A partial copy is required: transcribe exactly the lines from the one containing "исповедание веры (шахада);" through the last line below, without any pictures.

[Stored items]
--------------------

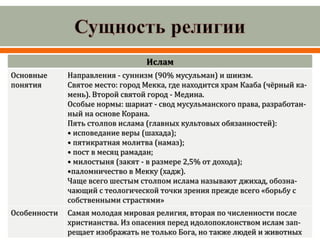 Ислам
Основные
понятия
Направления - суннизм (90% мусульман) и шиизм.
Святое место: город Мекка, где находится храм Кааба (чёрный ка-
мень). Второй святой город - Медина.
Особые нормы: шариат - свод мусульманского права, разработан-
ный на основе Корана.
Пять столпов ислама (главных культовых обязанностей):
• исповедание веры (шахада);
• пятикратная молитва (намаз);
• пост в месяц рамадан;
• милостыня (закят - в размере 2,5% от дохода);
•паломничество в Мекку (хадж).
Чаще всего шестым столпом ислама называют джихад, обозна-
чающий с теологической точки зрения прежде всего «борьбу с
собственными страстями»
Особенности Самая молодая мировая религия, вторая по численности после
христианства. Из опасения перед идолопоклонством ислам зап-
рещает изображать не только Бога, но также людей и животных
 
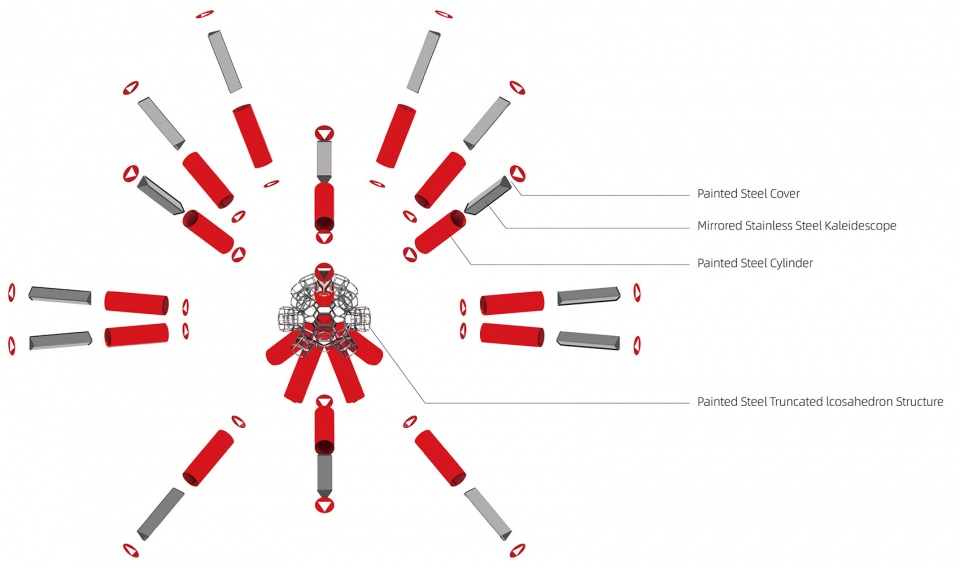 Exploded view of Starburst components ©️PAO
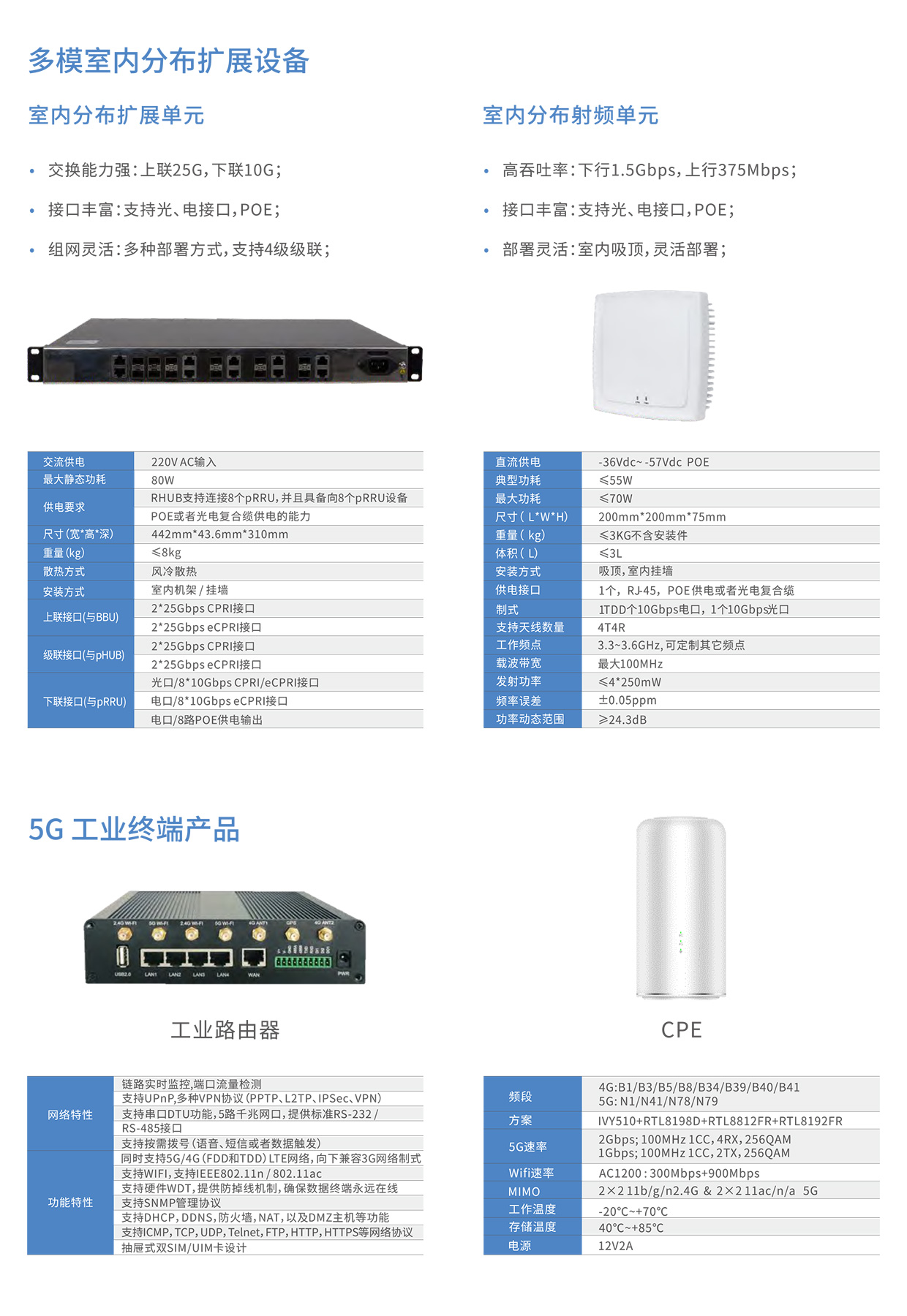 5G+工业互联网解决方案
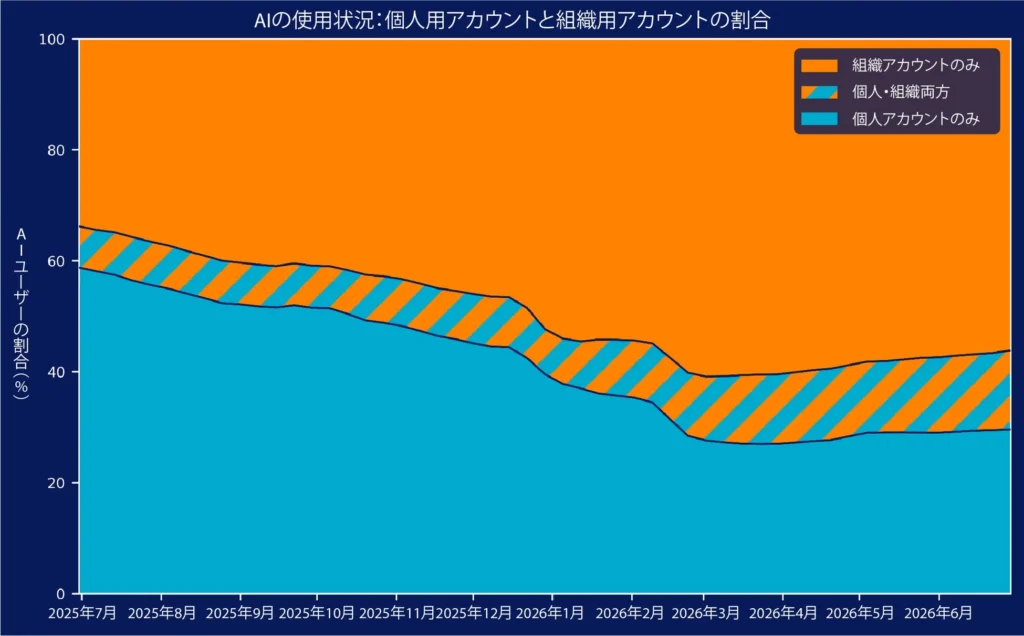 AIエージェントの企業システム接続拡大に伴うデータポリシー違反の現状と対策：Netskopeの最新レポートが示す課題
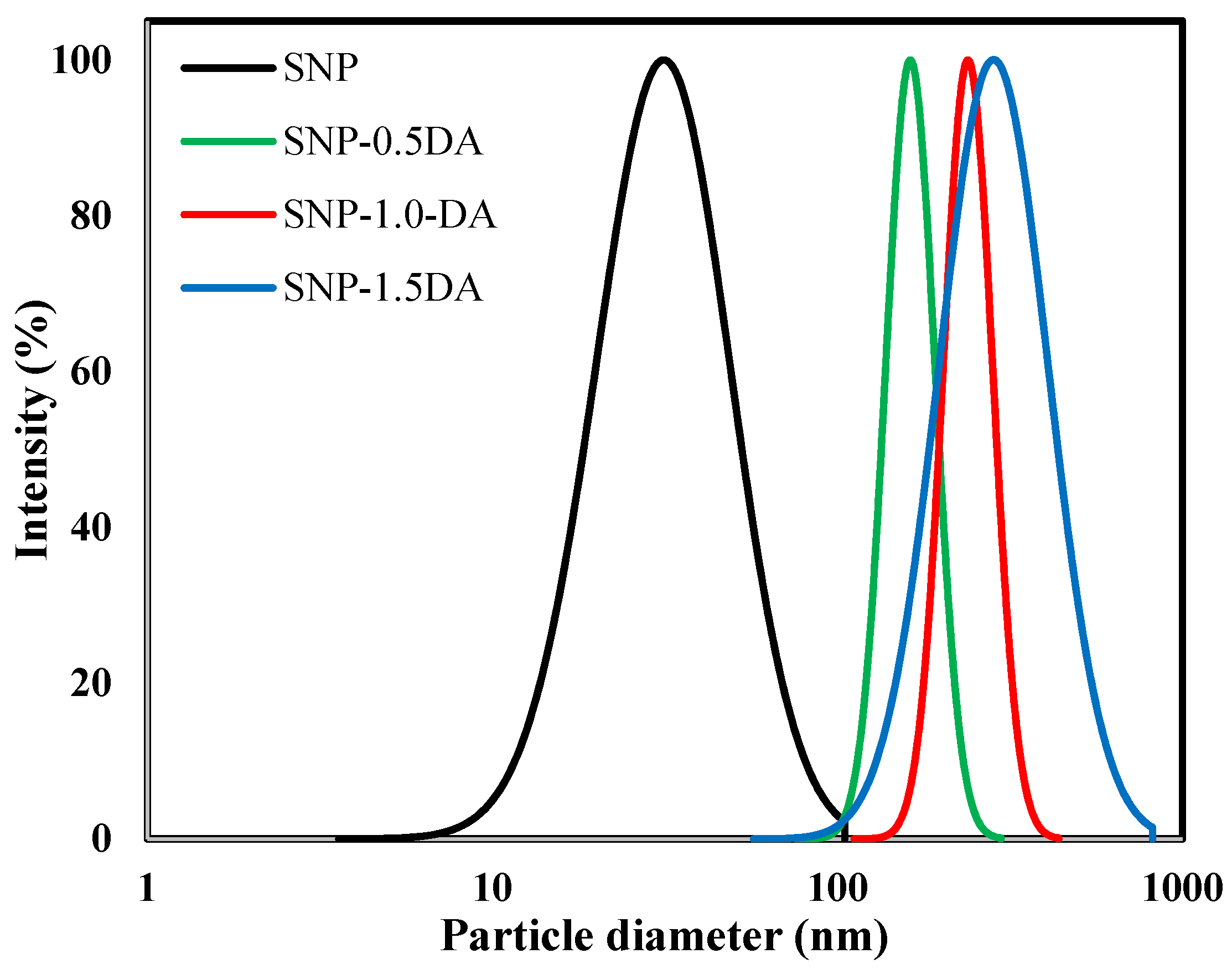 Nanomaterials 12 00947 g004 550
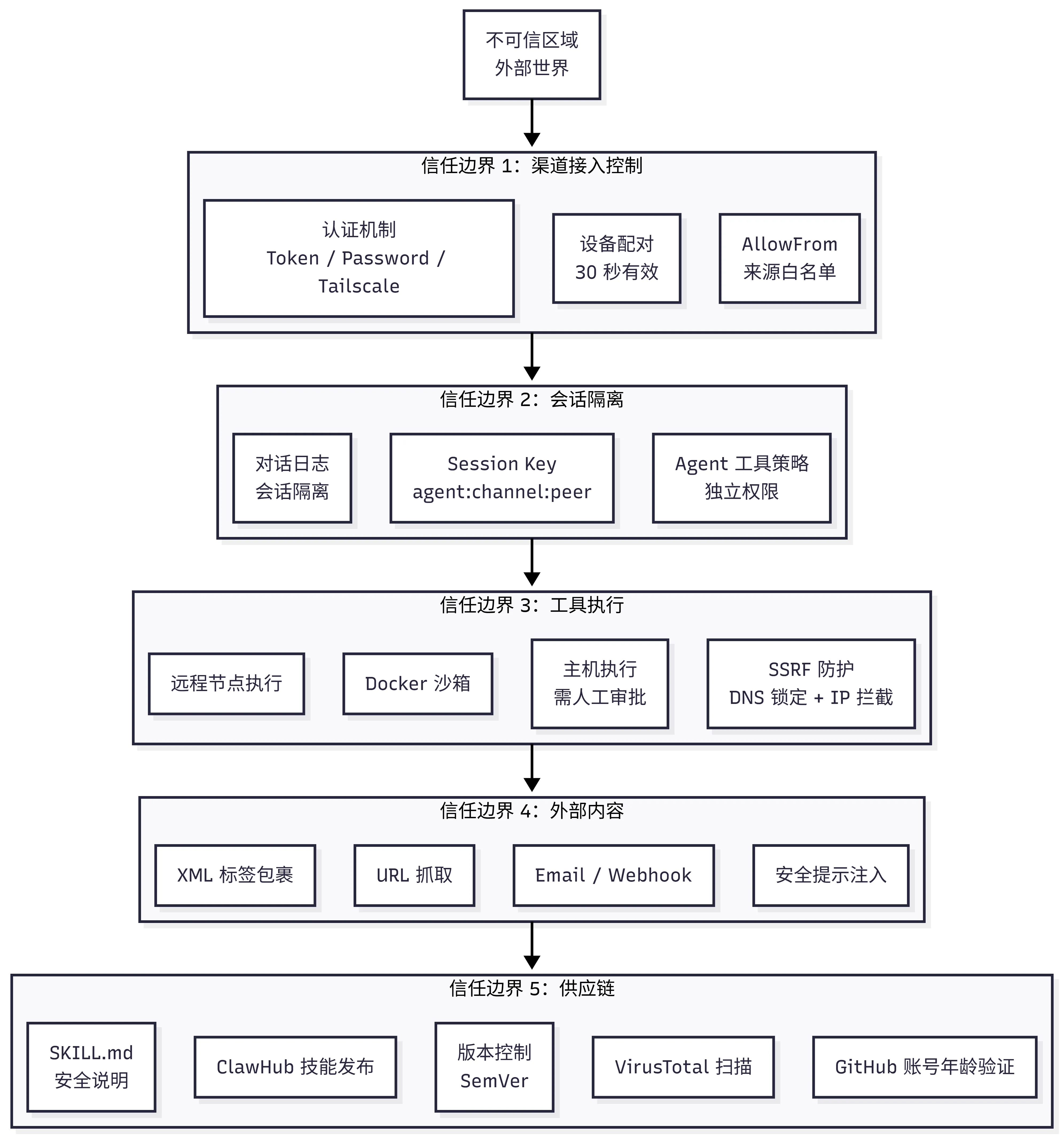 OpenClaw 信任边界架构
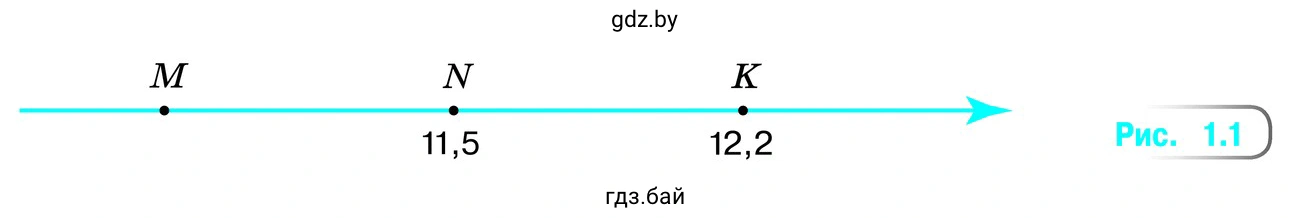 На рисунке 1.1 отрезки NM и NK равны. Найдите координату точки М. Найдите среднее арифметическое координат точек М и К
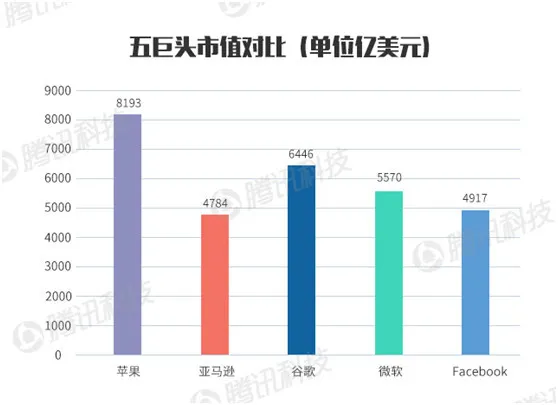 科技巨头财报PK：苹果的赚钱能力仍是老大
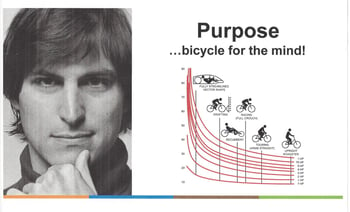 Steve Jobs Purpose - Bicycle for the mind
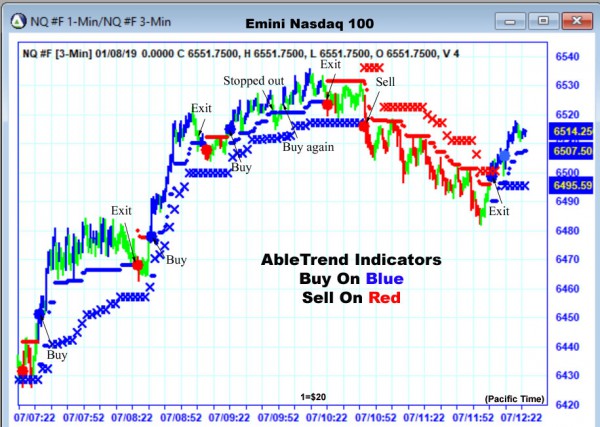 AbleTrend Trading Software NQ chart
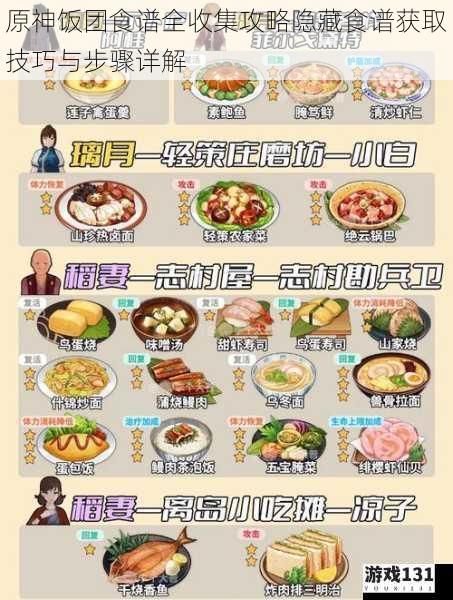 原神饭团食谱全收集攻略隐藏食谱获取技巧与步骤详解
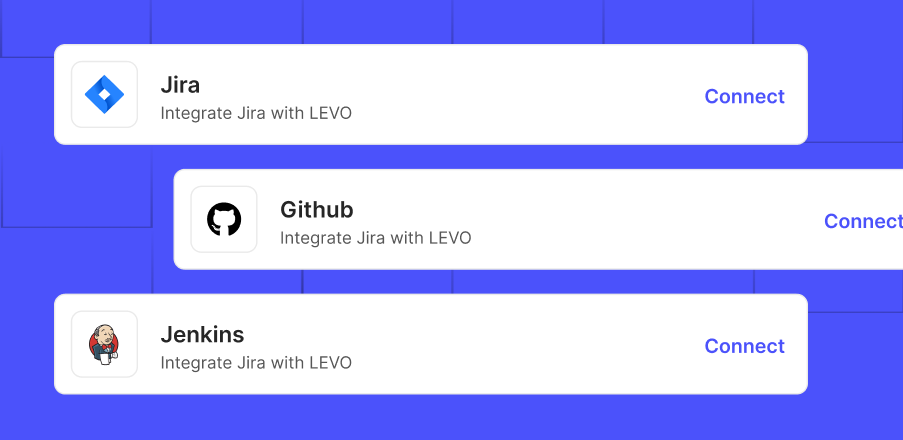 Feelpixel-Levo-SaaS-API security-Integrations-case study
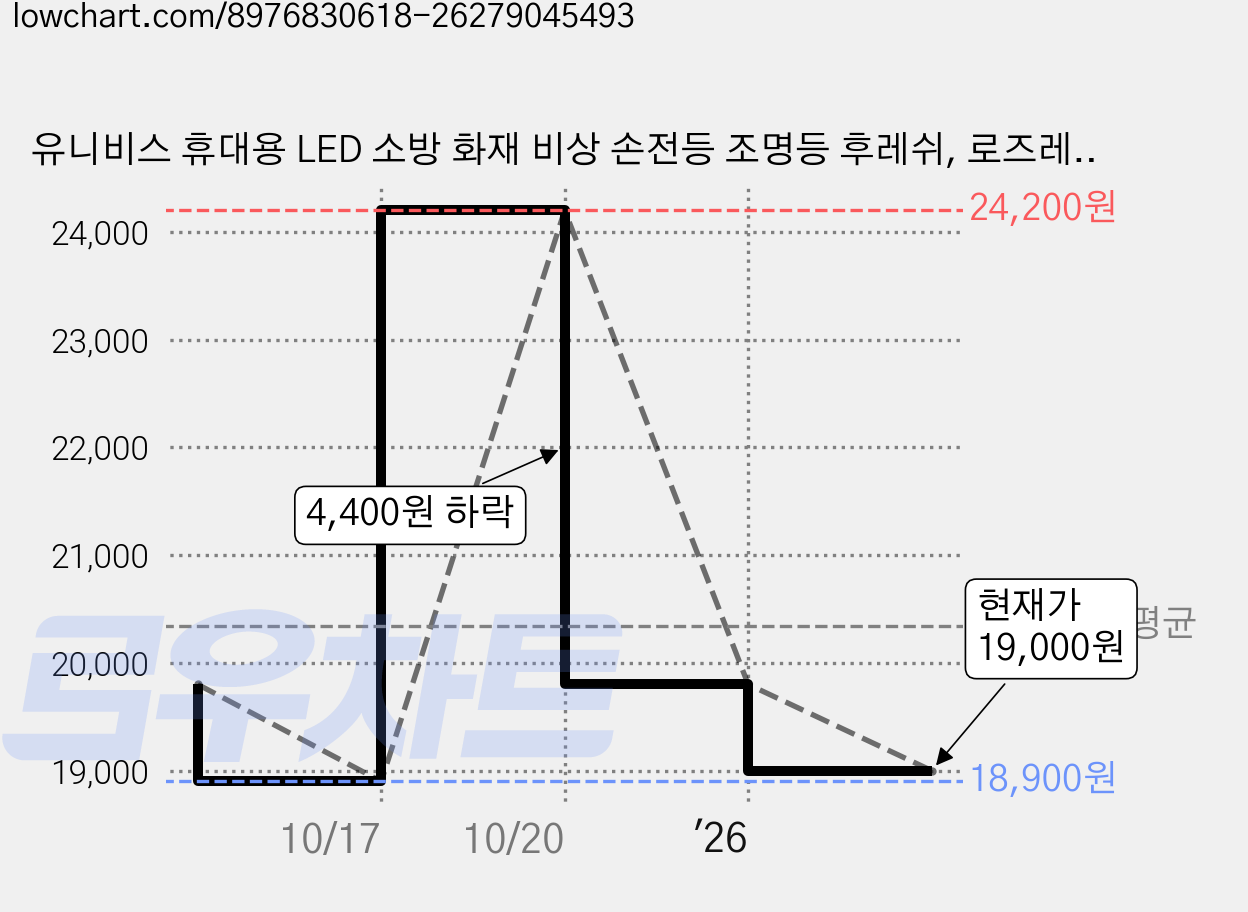 유니비스 휴대용 LED 소방 화재 비상 손전등 조명등 후레쉬, 로즈레드, 1개 가격 변동 차트, 현재가 19,000원, 관측 최저가 18,900원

--------------------

### Answer space
• исповедание веры (шахада);
• пятикратная молитва (намаз);
• пост в месяц рамадан;
• милостыня (закят - в размере 2,5% от дохода);
•паломничество в Мекку (хадж).
Чаще всего шестым столпом ислама называют джихад, обозна-
чающий с теологической точки зрения прежде всего «борьбу с
собственными страстями»
Особенности Самая молодая мировая религия, вторая по численности после
христианства. Из опасения перед идолопоклонством ислам зап-
рещает изображать не только Бога, но также людей и животных
 
 Exploded view of Starburst components ©️PAO
 5G+工业互联网解决方案
 AIエージェントの企業システム接続拡大に伴うデータポリシー違反の現状と対策：Netskopeの最新レポートが示す課題
 Nanomaterials 12 00947 g004 550
 OpenClaw 信任边界架构
 На рисунке 1.1 отрезки NM и NK равны. Найдите координату точки М. Найдите среднее арифметическое координат точек М и К
 科技巨头财报PK：苹果的赚钱能力仍是老大
 Steve Jobs Purpose - Bicycle for the mind
 AbleTrend Trading Software NQ chart
 原神饭团食谱全收集攻略隐藏食谱获取技巧与步骤详解
 Feelpixel-Levo-SaaS-API security-Integrations-case study
 유니비스 휴대용 LED 소방 화재 비상 손전등 조명등 후레쉬, 로즈레드, 1개 가격 변동 차트, 현재가 19,000원, 관측 최저가 18,900원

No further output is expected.